The Islamic militant group Hamas is trying to re-establish control of the Gaza Strip after a devastating three-week war with Israel. Meanwhile, Israel is concerned about allegations of war crimes, saying it will offer legal protection to soldiers.

The Hamas government has reopened for business in Gaza, though most of its offices were bombed by Israel. So officials set up tables in the rubble or worked from their cars.

Hamas plans to distribute $52 million  in aid to Palestinians who lost family members or whose homes were damaged in the war. But that is a fraction of what is needed to rebuild Gaza.

"The reconstruction and redevelopment of Gaza is something that will take years and years and billions and billions of dollars," Holmes said.

John Holmes is the United Nations Under-Secretary-General for Humanitarian Affairs.

"There are areas where the destruction is very widespread, both of public infrastructure, an industrial site I saw that had been completely and systematically flattened, and other damage to residential areas, as well. So, it was a shocking sight in many places, and that underlines the depths of the humanitarian needs we need to address," Holmes said.
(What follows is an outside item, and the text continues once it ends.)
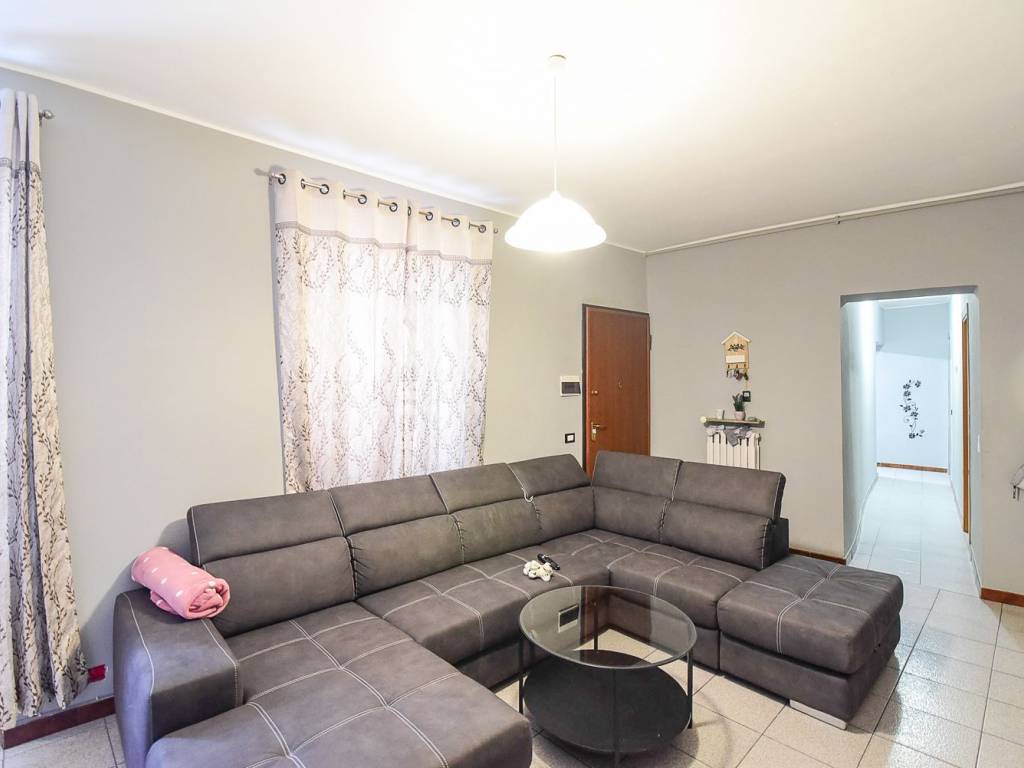 Appartamento a Dolzago in Via Castello, 23 - Foto 2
The U.N. and European Union have accused Israel of excessive use of force in Gaza and some human rights groups are accusing Israel of war crimes. At the weekly Cabinet meeting in Jerusalem, Israeli Prime Minister Ehud Olmert promised military personnel state protection from foreign prosecution.

Mr. Olmert told the Cabinet that just as commanders and soldiers protected Israel with their bodies during the Gaza war, so the government of Israel would defend them.   

Israel says it undertook the offensive in Gaza to defend itself against Hamas rocket attacks.

U.S. diplomatic sources, meanwhile, say President Barack Obama is sending his Middle East envoy, former Senator George Mitchell, to the region this week.